Lupus is an autoimmune condition which can cause a whole host of symptoms. For Sophie, this included extreme fatigue, arthritis, breathing difficulties and chronic pain. It resulted in many hospital stays within the first few years of diagnosis, all while trying to navigate school and GCSE years.
Sophie often found that her condition was misunderstood and felt some of the problem was that the condition was in some ways ‘invisible’.
Despite feeling incredibly unwell most of the time, she looked like any of her healthy peers. This often led to misunderstandings from her teachers and peers. While at school, Sophie felt a lack of support and was called out for poor attendance, struggled to participate in certain lessons such as PE and didn’t have regular access to the lift when finding it difficult to walk.
After leaving school, Sophie decided to do something about this and find a way to ensure better support was available. It started with a simple meeting between a group of young people in Liverpool, aged between 5 and 18, with a variety of different conditions.
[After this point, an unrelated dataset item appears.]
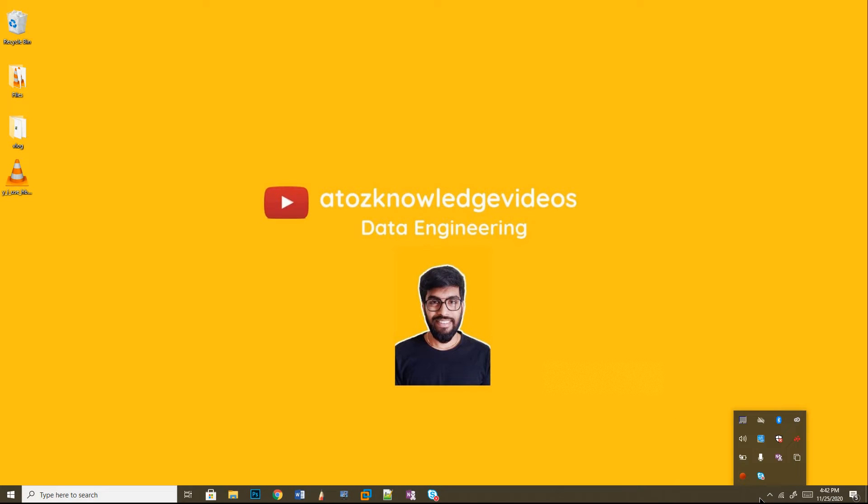Hi, welcome to A2Z Knowledge Videos. Today we're going to discuss why and when I used HBase.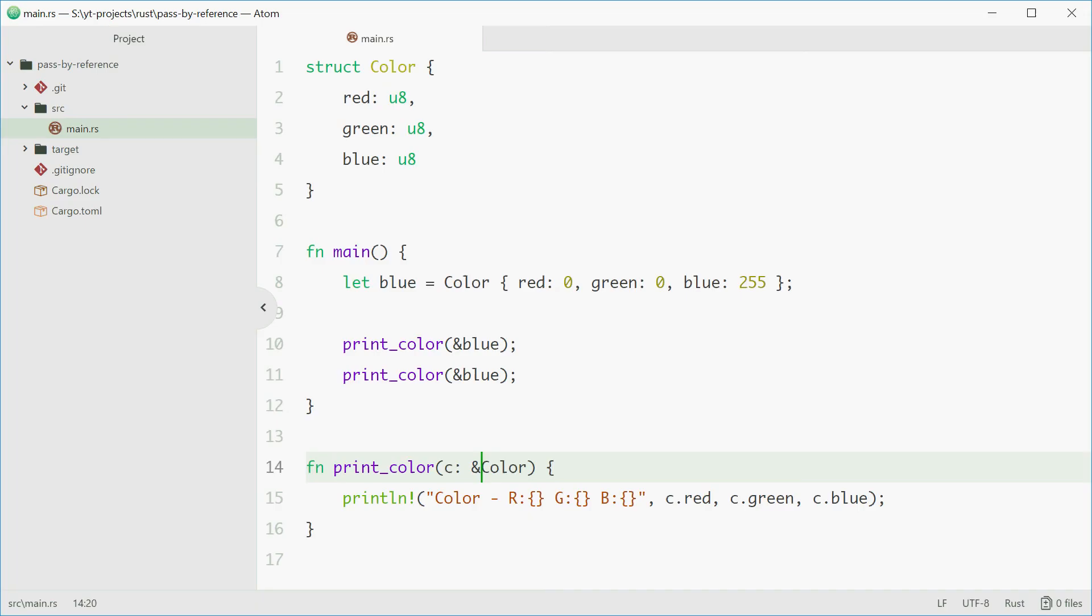And that is how you pass a value by reference in Rust. Thank you for watching. See you later.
They shared their experiences – both good and bad – with each other. They talked about positive measures their schools had implemented, and the things that needed to change. It allowed us to see common themes and gaps in the system, which gave the grounding to begin creating our resources.
RAiISE believes that young people, teachers and health professionals can work together to ensure everyone has the right support during their education.
Our young people are and always be at the heart of RAiISE and everything we do is led by them. We are looking forward to continuing to work with our community to identify and tackle the issues facing young people with invisible illnesses.